Europa

Gra do jednej bramki

Sieć Orbána

Numer 03.2017
Viktor Orbán Viktor Orbán Reuters / Forum
Viktor Orbán buduje na Węgrzech skorumpowaną oligarchię. Korzysta na tym rodzina i coraz większy krąg „przyjaciół”.
Ostatni dzień w redakcji dziennika „Népszabadság”. Opozycyjną gazetę zamknięto w październiku ub.r.Reuters/Forum Ostatni dzień w redakcji dziennika „Népszabadság”. Opozycyjną gazetę zamknięto w październiku ub.r.

Felcsút, miejscowość położona 34 km na zachód od Budapesztu, a w niej przedszkole, dom spokojnej starości, 1812 mieszkańców – oraz nowy stadion piłkarski na 3800 miejsc.

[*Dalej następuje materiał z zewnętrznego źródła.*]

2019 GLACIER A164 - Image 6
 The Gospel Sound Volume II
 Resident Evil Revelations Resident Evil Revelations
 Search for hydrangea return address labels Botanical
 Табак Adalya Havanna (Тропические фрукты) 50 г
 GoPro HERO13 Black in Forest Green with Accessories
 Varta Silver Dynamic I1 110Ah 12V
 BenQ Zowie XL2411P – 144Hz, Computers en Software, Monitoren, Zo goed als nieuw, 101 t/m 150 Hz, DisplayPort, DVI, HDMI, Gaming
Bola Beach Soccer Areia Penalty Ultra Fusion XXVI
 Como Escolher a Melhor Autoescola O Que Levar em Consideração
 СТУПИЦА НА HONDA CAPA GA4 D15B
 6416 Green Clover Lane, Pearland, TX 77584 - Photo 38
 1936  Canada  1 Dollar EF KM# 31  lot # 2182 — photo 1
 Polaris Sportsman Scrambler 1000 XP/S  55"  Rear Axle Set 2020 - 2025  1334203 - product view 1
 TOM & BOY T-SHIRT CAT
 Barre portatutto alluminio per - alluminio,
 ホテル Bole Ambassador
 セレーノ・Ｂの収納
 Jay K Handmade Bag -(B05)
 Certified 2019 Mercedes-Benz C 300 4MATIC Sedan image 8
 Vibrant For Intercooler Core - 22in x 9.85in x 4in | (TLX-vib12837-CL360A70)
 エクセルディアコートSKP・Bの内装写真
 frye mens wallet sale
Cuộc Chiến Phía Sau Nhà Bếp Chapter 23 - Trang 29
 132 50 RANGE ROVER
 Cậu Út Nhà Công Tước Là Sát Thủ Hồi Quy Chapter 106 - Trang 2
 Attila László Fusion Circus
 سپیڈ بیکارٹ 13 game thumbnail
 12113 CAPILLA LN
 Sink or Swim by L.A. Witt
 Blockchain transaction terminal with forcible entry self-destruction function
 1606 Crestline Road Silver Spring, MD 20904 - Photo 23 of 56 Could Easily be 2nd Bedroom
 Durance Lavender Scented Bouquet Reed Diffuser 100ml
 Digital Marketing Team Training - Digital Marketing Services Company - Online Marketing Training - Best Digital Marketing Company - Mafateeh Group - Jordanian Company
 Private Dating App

Korona Pancho Areny wyrasta wysoko ponad jednopiętrowe szare domki we wsi. Architektura stadionu jest utrzymana w skromnym węgierskim stylu – zaokrąglone kształty, dużo drewna, dach pokryty gontem łupkowym. Żadnej stali i szkła. Zaraz naprzeciwko, niecałe 50 metrów od wejścia, stoi wiejski dom Viktora Orbána, premiera i fana piłki nożnej. Obok drzwi powiewa flaga Węgier.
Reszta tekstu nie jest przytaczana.